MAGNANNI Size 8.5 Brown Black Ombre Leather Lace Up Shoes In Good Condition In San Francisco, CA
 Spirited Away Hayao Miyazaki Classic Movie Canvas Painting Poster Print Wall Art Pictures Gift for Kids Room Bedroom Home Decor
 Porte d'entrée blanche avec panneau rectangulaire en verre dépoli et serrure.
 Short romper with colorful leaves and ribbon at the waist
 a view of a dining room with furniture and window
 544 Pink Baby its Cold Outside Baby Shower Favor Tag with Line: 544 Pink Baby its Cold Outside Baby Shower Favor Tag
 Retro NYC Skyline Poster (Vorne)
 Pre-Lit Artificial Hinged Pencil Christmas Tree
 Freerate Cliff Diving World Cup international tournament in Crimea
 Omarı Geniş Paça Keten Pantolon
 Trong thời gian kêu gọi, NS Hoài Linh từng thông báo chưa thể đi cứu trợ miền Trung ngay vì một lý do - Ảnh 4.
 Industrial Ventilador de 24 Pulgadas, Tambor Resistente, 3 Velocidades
+-------+
Please return every line from the one that contains "Porte d'entrée blanche" through the end of the entries, exactly, leaving out all others.

 Porte d'entrée blanche avec panneau rectangulaire en verre dépoli et serrure.
 Short romper with colorful leaves and ribbon at the waist
 a view of a dining room with furniture and window
 544 Pink Baby its Cold Outside Baby Shower Favor Tag with Line: 544 Pink Baby its Cold Outside Baby Shower Favor Tag
 Retro NYC Skyline Poster (Vorne)
 Pre-Lit Artificial Hinged Pencil Christmas Tree
 Freerate Cliff Diving World Cup international tournament in Crimea
 Omarı Geniş Paça Keten Pantolon
 Trong thời gian kêu gọi, NS Hoài Linh từng thông báo chưa thể đi cứu trợ miền Trung ngay vì một lý do - Ảnh 4.
 Industrial Ventilador de 24 Pulgadas, Tambor Resistente, 3 Velocidades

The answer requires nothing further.